▸ **TASK PROMPT**
All lines from the one containing "900人付款天猫创意斗鱼鱼缸亚克力桌面小型多格隔离自循环过滤免换水" through the last line of the listing should be given again exactly, with no pictures.

▸ **MATERIAL FOR THE TASK**
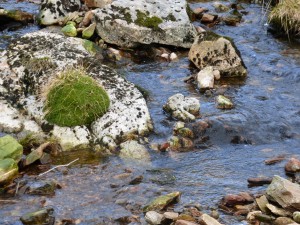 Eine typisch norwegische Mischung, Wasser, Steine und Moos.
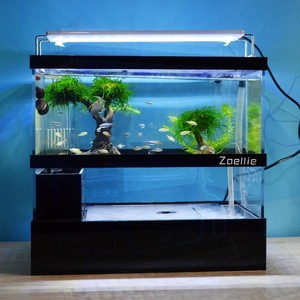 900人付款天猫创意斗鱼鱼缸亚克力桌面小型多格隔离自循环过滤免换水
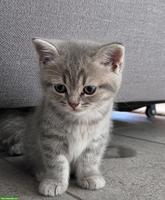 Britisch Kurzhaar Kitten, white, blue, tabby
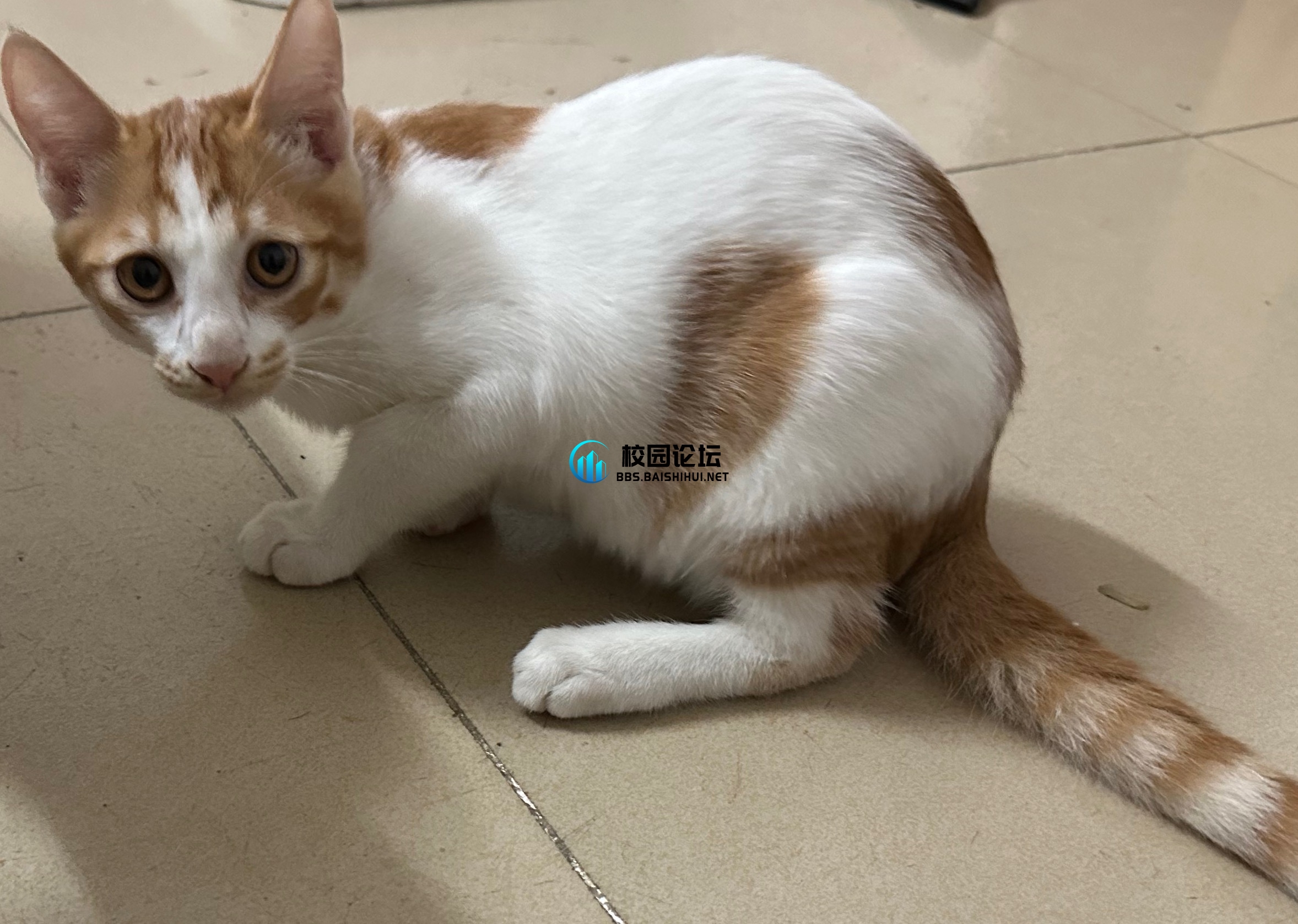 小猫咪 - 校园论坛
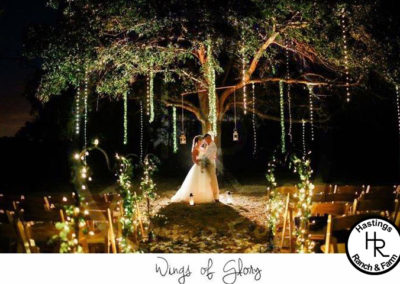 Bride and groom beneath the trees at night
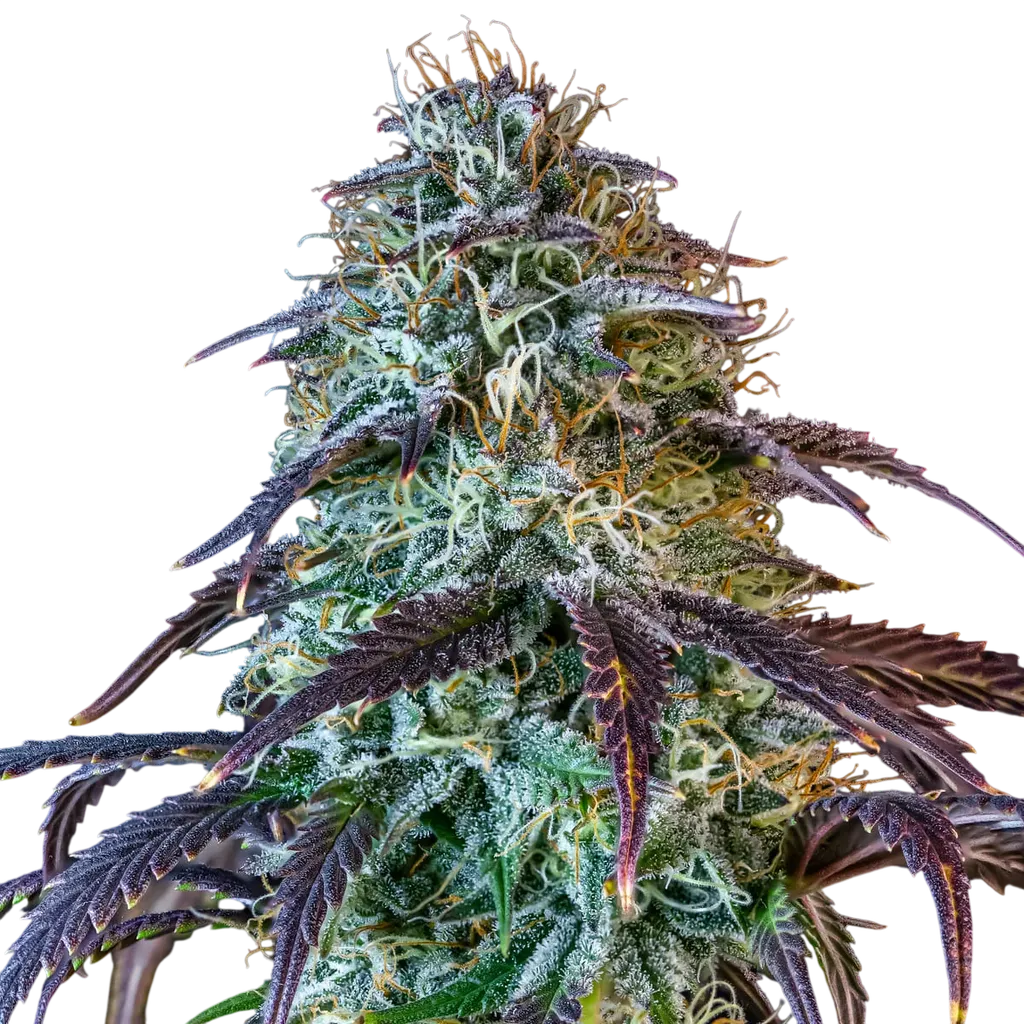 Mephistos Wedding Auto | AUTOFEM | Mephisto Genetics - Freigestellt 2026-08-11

▸ **REPLY**
 900人付款天猫创意斗鱼鱼缸亚克力桌面小型多格隔离自循环过滤免换水
 Britisch Kurzhaar Kitten, white, blue, tabby
 小猫咪 - 校园论坛
 Bride and groom beneath the trees at night
 Mephistos Wedding Auto | AUTOFEM | Mephisto Genetics - Freigestellt 2026-08-11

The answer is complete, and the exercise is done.